Take the lines from the one containing "Summer Trip Cruise logo" through the end of the material and write them out exactly, omitting pictures.
☆ ☆ ☆ ☆ ☆
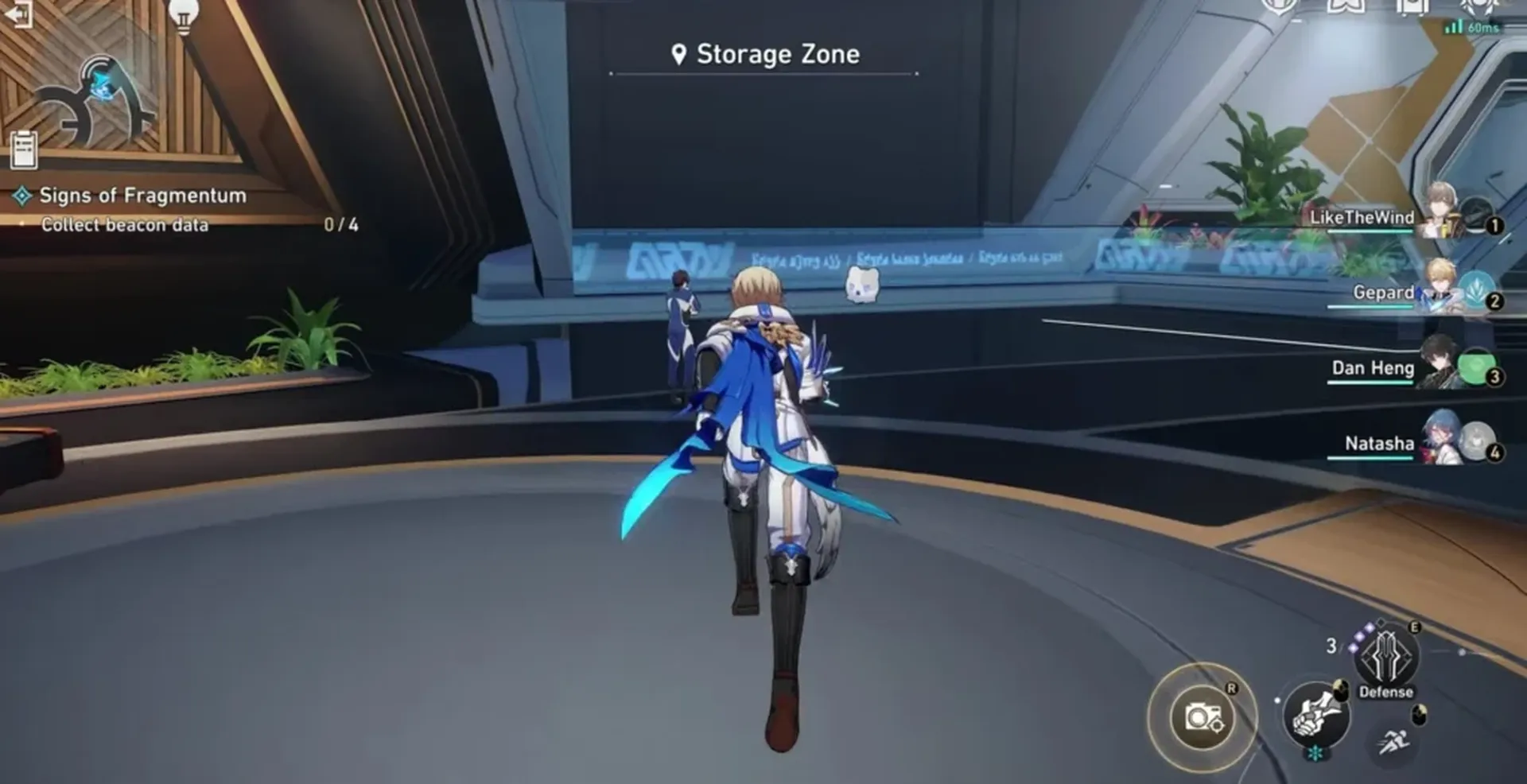 How to Collect Beacon Data in Honkai Star Rail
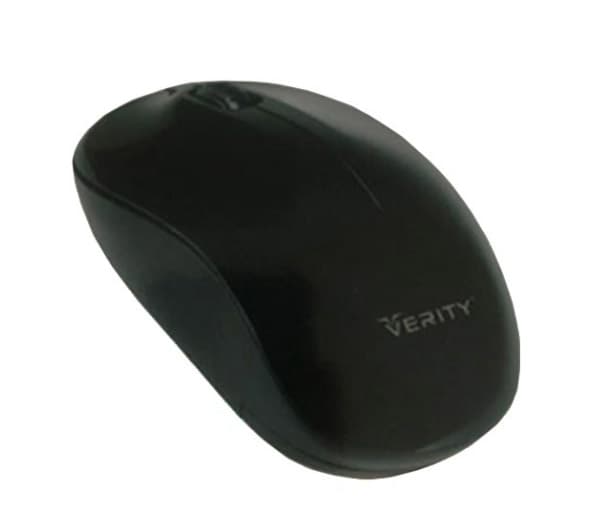 ماوس بی سیم وریتی مدل V-MS4117 - تصویر 1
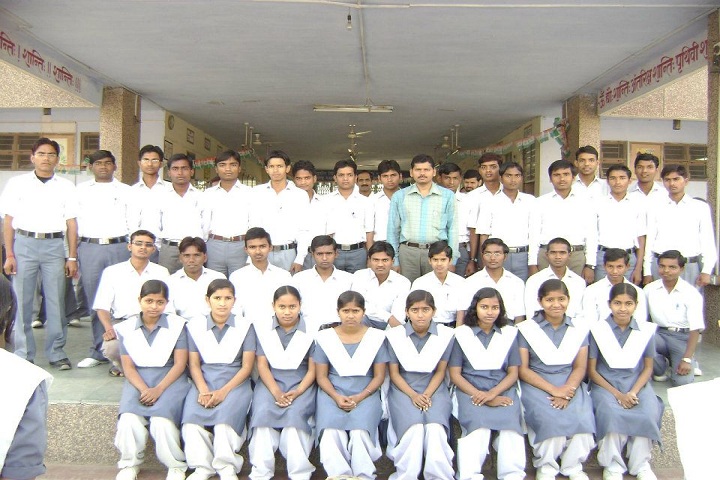 Jawahar Navodaya Vidyalaya-Group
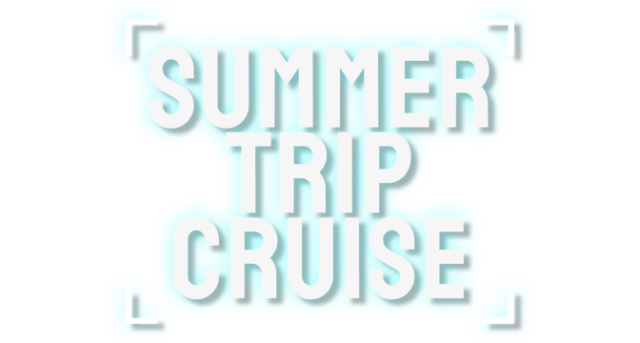 Summer Trip Cruise logo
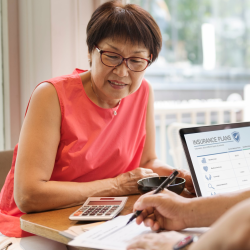 Individual Filing for Current Tax Year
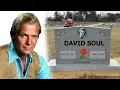 Graves Of STARSKY HUTCH Actors Where Are They Buried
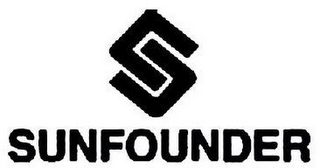 C C SUNFOUNDER logo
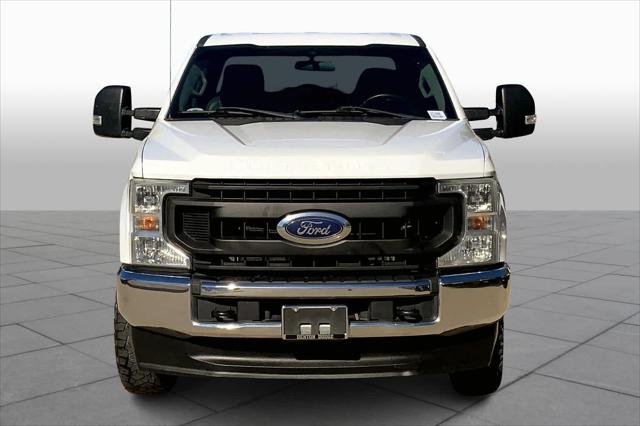 2020 Ford F-250 XL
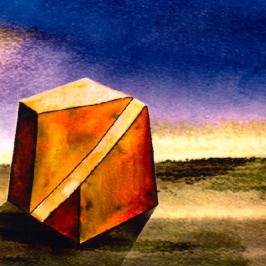 Het ontwerpen van een kubus
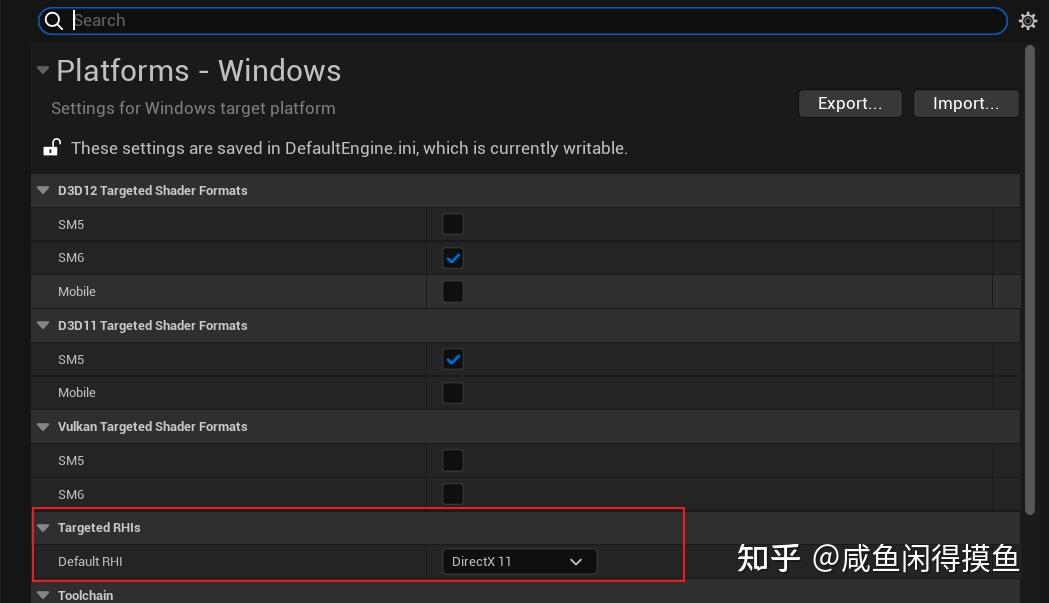 Debugging Unity And UE with RenderDoc - 知乎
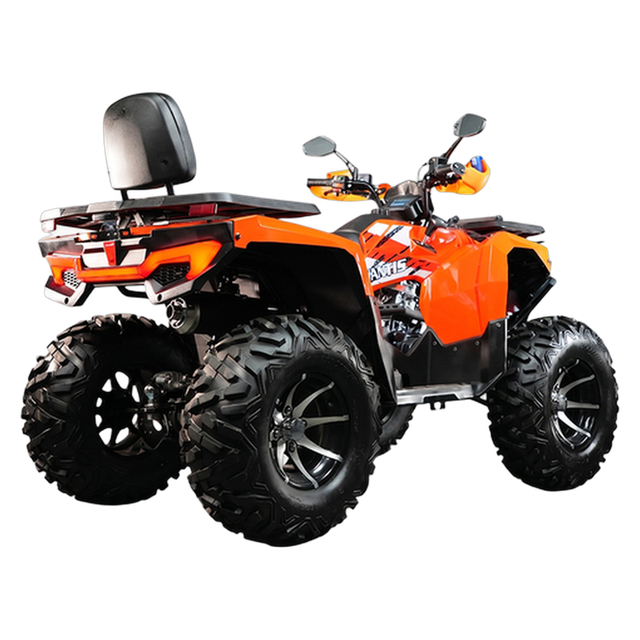 Квадрицикл Avantis Hunter 350 PREMIUM с ПТС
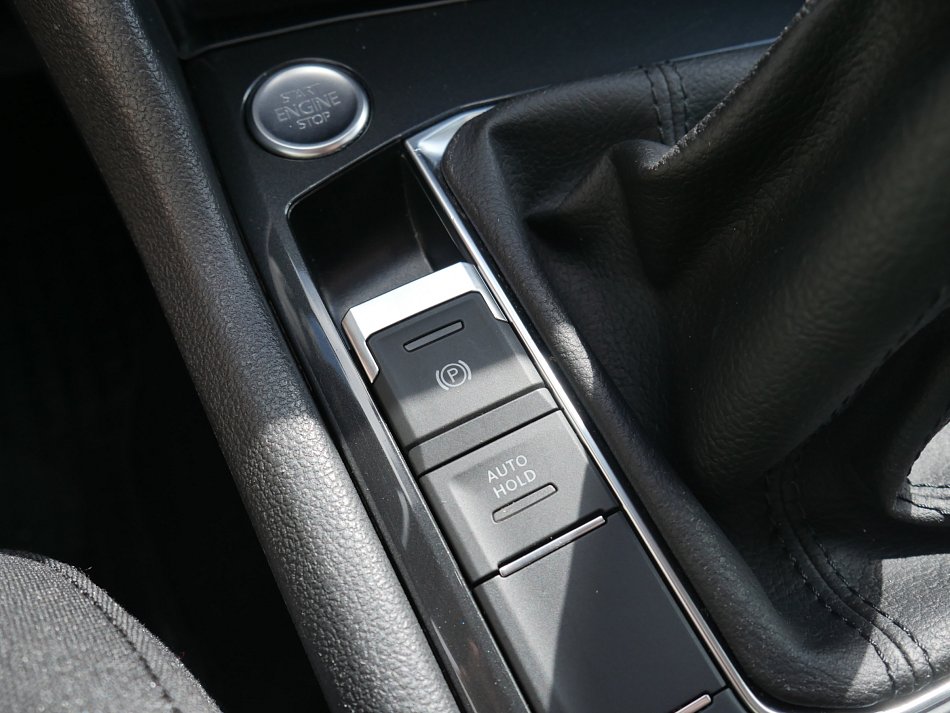 Volkswagen Tiguan 1.5 TSi Life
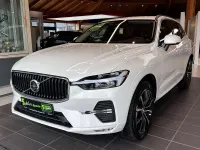 Brugt Volvo XC60 Core 197 HK (144 kW) 2024 Hvid SUV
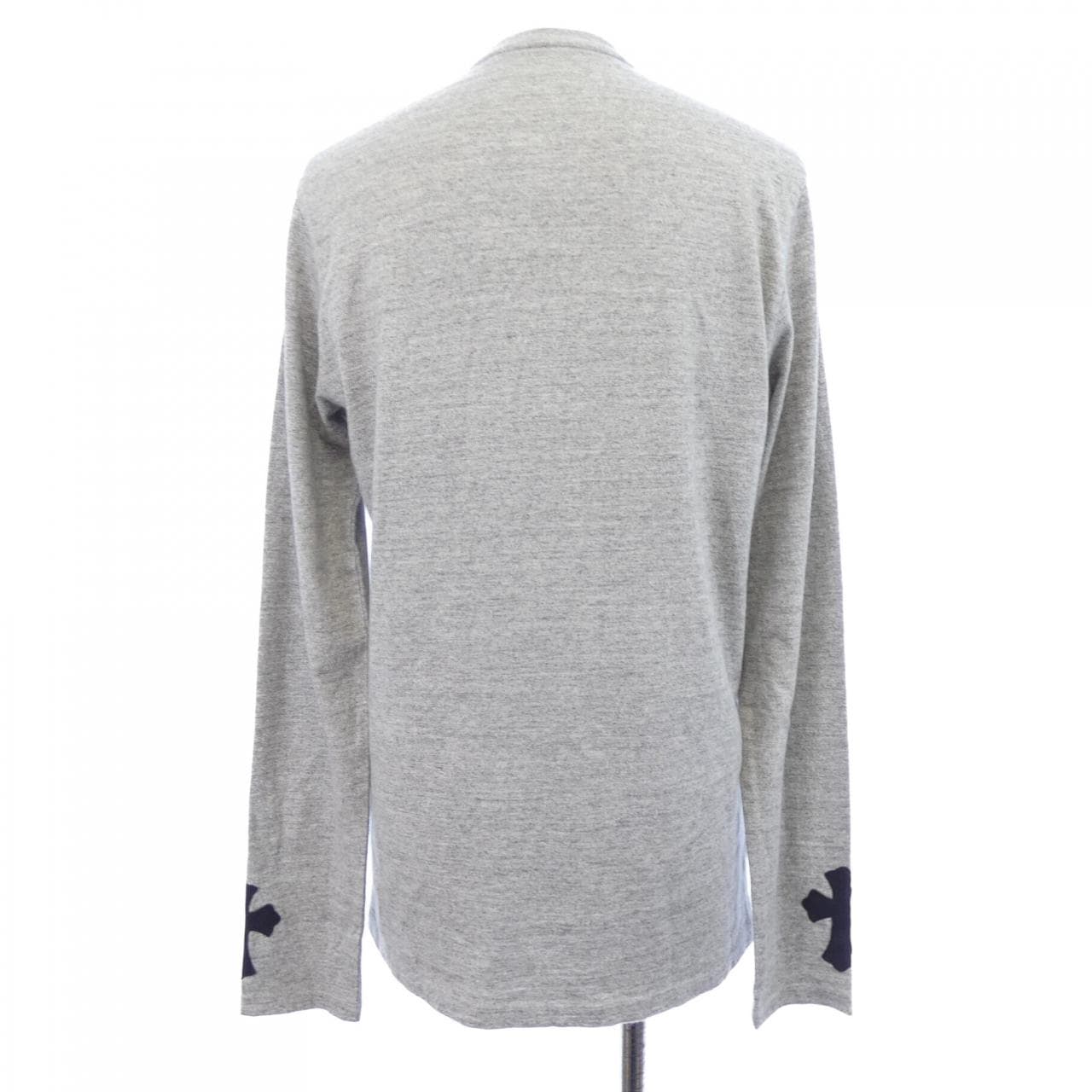 クロムハーツ CHROME HEARTS クロスパッチ BSフレア 2212-304-6302 トップス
☆ ☆ ☆ ☆ ☆
Your response —
 Summer Trip Cruise logo
 Individual Filing for Current Tax Year
 Graves Of STARSKY HUTCH Actors Where Are They Buried
 C C SUNFOUNDER logo
 2020 Ford F-250 XL
 Het ontwerpen van een kubus
 Debugging Unity And UE with RenderDoc - 知乎
 Квадрицикл Avantis Hunter 350 PREMIUM с ПТС
 Volkswagen Tiguan 1.5 TSi Life
 Brugt Volvo XC60 Core 197 HK (144 kW) 2024 Hvid SUV
 クロムハーツ CHROME HEARTS クロスパッチ BSフレア 2212-304-6302 トップス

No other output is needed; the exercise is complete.